── DATA IN THIS EXERCISE ──
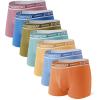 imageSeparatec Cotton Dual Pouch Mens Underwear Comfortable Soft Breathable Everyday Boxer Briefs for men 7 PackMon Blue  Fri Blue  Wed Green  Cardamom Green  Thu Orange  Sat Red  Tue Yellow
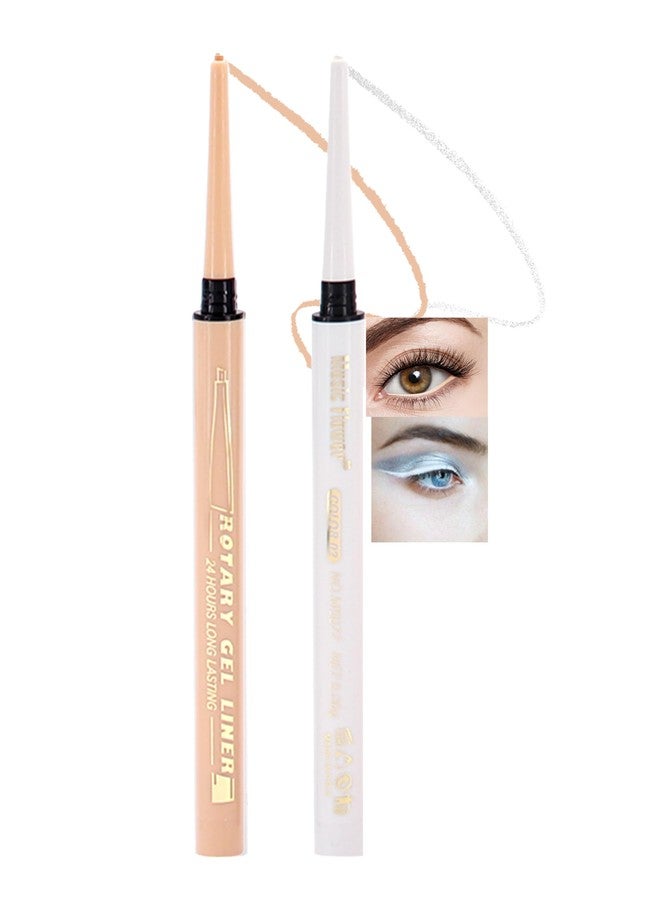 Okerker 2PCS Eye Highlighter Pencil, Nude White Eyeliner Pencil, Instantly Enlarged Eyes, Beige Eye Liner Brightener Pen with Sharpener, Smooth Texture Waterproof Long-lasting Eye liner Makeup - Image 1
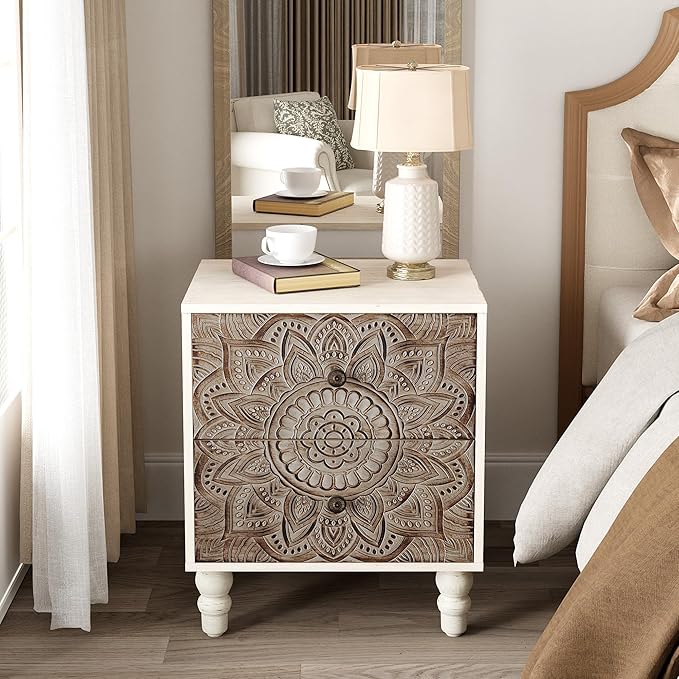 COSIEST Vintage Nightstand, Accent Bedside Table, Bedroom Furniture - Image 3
───
── DATA IN THIS EXERCISE ──
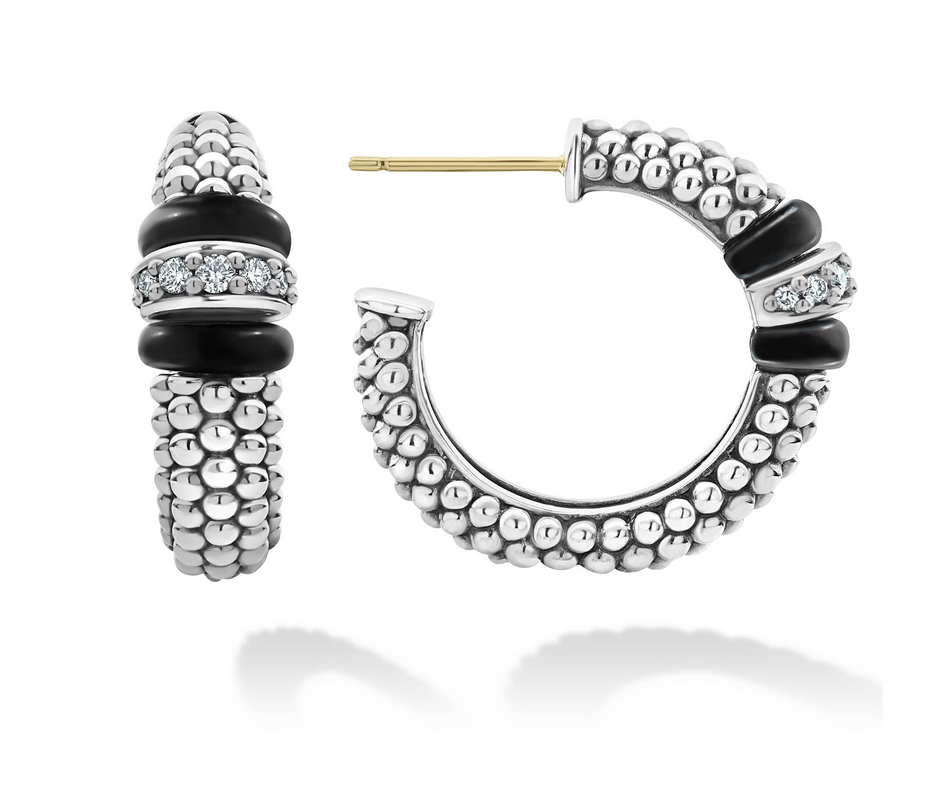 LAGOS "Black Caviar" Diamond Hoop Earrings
───
[TASK TO CARRY OUT]: Start at the line containing "Okerker 2PCS Eye" above and stop at the line containing "COSIEST Vintage Nightstand, Accent". Output those lines exactly, both included, but none of the pictures.

[ANSWER SPACE]:
 Okerker 2PCS Eye Highlighter Pencil, Nude White Eyeliner Pencil, Instantly Enlarged Eyes, Beige Eye Liner Brightener Pen with Sharpener, Smooth Texture Waterproof Long-lasting Eye liner Makeup - Image 1
 COSIEST Vintage Nightstand, Accent Bedside Table, Bedroom Furniture - Image 3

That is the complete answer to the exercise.